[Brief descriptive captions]

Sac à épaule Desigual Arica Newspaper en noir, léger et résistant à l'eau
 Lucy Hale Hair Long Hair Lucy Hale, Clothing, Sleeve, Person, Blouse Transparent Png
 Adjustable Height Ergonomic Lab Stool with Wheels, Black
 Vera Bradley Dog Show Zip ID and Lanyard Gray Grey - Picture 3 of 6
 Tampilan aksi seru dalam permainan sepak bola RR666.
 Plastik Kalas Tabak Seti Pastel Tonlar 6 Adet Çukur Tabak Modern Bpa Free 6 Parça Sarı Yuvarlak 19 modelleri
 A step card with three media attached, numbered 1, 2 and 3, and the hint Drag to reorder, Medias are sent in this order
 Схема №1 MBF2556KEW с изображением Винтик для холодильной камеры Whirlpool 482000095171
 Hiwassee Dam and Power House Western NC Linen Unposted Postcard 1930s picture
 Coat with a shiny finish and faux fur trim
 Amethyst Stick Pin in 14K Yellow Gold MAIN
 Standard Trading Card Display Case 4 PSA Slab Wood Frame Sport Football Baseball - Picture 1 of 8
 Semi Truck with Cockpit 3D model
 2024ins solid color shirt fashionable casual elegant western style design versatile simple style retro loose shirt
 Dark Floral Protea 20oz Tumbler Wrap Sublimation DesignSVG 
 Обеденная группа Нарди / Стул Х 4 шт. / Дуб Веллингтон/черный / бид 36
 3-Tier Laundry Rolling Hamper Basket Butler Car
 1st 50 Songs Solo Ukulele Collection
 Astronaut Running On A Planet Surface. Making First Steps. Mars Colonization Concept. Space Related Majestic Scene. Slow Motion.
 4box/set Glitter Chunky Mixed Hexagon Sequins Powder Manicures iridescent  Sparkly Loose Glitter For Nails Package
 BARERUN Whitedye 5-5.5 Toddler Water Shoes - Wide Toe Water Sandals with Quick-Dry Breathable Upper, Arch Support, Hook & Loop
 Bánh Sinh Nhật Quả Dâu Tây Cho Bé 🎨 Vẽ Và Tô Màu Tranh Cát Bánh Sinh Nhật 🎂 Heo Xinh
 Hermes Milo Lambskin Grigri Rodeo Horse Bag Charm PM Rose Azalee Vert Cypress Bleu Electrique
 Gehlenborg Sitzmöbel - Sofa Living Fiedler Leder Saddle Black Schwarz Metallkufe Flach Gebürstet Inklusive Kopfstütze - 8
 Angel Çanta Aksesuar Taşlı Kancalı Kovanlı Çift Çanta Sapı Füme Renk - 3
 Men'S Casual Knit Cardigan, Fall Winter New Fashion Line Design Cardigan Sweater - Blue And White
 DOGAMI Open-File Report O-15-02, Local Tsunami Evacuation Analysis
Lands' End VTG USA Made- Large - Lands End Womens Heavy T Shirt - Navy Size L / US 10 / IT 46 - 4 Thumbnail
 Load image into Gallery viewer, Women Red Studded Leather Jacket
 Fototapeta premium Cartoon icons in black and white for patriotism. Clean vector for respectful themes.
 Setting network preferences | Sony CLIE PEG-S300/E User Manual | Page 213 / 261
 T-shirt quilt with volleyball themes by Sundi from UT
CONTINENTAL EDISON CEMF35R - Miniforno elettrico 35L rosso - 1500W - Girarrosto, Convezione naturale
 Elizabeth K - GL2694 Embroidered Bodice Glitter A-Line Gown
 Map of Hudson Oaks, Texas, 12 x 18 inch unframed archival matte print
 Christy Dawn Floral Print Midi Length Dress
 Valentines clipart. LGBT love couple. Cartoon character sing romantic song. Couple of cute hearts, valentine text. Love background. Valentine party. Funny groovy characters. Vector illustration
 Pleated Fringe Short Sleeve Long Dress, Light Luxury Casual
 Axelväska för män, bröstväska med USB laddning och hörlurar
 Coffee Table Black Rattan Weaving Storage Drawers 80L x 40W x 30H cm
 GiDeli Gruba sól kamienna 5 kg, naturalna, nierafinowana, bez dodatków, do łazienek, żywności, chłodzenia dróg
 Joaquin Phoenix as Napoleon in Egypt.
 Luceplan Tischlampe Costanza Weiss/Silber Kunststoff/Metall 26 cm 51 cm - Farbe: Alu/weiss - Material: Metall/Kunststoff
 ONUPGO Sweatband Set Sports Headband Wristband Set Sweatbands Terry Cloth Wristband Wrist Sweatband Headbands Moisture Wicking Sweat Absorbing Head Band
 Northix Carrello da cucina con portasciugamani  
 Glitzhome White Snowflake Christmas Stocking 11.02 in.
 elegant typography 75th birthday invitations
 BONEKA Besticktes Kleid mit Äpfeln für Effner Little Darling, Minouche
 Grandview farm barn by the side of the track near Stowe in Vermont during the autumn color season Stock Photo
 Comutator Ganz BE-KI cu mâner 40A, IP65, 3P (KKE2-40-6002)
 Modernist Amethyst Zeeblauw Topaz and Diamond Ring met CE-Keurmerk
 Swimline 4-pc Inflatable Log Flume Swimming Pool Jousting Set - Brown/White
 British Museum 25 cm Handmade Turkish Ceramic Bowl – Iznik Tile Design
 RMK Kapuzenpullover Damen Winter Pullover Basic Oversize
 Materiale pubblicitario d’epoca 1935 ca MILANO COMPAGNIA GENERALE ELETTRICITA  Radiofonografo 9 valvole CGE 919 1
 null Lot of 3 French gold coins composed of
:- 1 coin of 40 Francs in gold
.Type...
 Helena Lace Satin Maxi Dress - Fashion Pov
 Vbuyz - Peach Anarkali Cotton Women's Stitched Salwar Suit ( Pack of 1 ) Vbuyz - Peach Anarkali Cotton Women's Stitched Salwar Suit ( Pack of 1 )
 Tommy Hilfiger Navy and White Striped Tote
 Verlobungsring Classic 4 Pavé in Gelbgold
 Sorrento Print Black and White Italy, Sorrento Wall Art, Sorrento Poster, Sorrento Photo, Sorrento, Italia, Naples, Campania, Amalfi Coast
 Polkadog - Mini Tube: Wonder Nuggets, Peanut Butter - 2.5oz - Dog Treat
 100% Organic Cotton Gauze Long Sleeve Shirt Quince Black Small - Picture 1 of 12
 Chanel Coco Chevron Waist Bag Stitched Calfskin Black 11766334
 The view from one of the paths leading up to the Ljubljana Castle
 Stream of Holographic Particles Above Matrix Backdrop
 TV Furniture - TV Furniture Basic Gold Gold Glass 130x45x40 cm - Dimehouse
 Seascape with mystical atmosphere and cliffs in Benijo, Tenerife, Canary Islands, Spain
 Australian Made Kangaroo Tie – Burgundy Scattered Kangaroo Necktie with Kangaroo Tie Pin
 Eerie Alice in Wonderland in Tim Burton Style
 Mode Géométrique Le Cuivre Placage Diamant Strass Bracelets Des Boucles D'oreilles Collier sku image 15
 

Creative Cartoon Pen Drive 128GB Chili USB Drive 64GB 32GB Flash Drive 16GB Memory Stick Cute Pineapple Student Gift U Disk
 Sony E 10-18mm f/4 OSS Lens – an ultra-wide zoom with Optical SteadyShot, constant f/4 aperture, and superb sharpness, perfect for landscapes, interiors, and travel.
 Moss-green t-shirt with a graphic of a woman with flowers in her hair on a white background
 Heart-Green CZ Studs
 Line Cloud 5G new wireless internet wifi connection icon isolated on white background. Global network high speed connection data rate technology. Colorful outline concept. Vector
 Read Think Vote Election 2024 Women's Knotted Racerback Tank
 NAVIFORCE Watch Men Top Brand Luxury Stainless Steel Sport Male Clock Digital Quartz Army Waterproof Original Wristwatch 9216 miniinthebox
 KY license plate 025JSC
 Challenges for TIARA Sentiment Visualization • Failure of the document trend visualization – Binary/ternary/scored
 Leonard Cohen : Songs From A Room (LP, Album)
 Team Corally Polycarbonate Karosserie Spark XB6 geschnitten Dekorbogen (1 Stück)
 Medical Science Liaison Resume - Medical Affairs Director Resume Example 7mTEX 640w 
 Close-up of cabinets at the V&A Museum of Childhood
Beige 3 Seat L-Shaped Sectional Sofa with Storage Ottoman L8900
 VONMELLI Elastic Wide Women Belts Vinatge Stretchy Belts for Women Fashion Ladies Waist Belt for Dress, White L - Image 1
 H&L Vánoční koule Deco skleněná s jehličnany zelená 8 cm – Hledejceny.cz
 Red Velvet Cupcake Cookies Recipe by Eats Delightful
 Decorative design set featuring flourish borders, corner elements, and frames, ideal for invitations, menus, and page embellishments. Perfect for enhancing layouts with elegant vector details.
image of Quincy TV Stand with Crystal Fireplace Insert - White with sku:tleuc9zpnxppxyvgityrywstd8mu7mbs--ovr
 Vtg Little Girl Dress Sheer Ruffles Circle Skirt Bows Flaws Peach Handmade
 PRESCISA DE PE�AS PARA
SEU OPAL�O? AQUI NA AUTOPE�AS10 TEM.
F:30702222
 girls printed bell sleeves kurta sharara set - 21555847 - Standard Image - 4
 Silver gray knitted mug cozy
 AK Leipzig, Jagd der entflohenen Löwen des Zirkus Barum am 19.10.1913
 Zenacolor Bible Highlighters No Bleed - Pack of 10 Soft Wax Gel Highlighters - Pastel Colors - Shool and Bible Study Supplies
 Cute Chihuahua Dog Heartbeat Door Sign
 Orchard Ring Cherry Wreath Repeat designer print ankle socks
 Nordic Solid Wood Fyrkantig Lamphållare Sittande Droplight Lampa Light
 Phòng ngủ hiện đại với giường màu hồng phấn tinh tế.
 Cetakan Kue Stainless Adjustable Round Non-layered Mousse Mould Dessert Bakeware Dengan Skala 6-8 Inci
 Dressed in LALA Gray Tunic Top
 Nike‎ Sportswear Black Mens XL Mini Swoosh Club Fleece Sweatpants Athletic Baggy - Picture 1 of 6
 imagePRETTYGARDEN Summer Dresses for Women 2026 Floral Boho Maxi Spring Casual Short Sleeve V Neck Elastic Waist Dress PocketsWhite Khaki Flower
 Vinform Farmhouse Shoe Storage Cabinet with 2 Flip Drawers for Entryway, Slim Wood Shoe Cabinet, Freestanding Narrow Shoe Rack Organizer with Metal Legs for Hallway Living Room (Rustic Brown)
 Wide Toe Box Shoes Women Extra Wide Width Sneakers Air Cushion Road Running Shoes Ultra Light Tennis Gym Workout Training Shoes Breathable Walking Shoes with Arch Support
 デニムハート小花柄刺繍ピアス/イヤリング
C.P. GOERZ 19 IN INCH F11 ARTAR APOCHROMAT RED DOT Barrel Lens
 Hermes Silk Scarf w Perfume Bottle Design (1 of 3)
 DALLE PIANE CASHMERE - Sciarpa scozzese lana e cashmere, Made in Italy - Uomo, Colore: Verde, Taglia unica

> _Work request_:
Reproduce, exactly as they stand in the data above, the lines from the one that holds "Lands' End VTG" to the one that holds "GiDeli Gruba sól", inclusive.

> _Written response_:
Lands' End VTG USA Made- Large - Lands End Womens Heavy T Shirt - Navy Size L / US 10 / IT 46 - 4 Thumbnail
 Load image into Gallery viewer, Women Red Studded Leather Jacket
 Fototapeta premium Cartoon icons in black and white for patriotism. Clean vector for respectful themes.
 Setting network preferences | Sony CLIE PEG-S300/E User Manual | Page 213 / 261
 T-shirt quilt with volleyball themes by Sundi from UT
CONTINENTAL EDISON CEMF35R - Miniforno elettrico 35L rosso - 1500W - Girarrosto, Convezione naturale
 Elizabeth K - GL2694 Embroidered Bodice Glitter A-Line Gown
 Map of Hudson Oaks, Texas, 12 x 18 inch unframed archival matte print
 Christy Dawn Floral Print Midi Length Dress
 Valentines clipart. LGBT love couple. Cartoon character sing romantic song. Couple of cute hearts, valentine text. Love background. Valentine party. Funny groovy characters. Vector illustration
 Pleated Fringe Short Sleeve Long Dress, Light Luxury Casual
 Axelväska för män, bröstväska med USB laddning och hörlurar
 Coffee Table Black Rattan Weaving Storage Drawers 80L x 40W x 30H cm
 GiDeli Gruba sól kamienna 5 kg, naturalna, nierafinowana, bez dodatków, do łazienek, żywności, chłodzenia dróg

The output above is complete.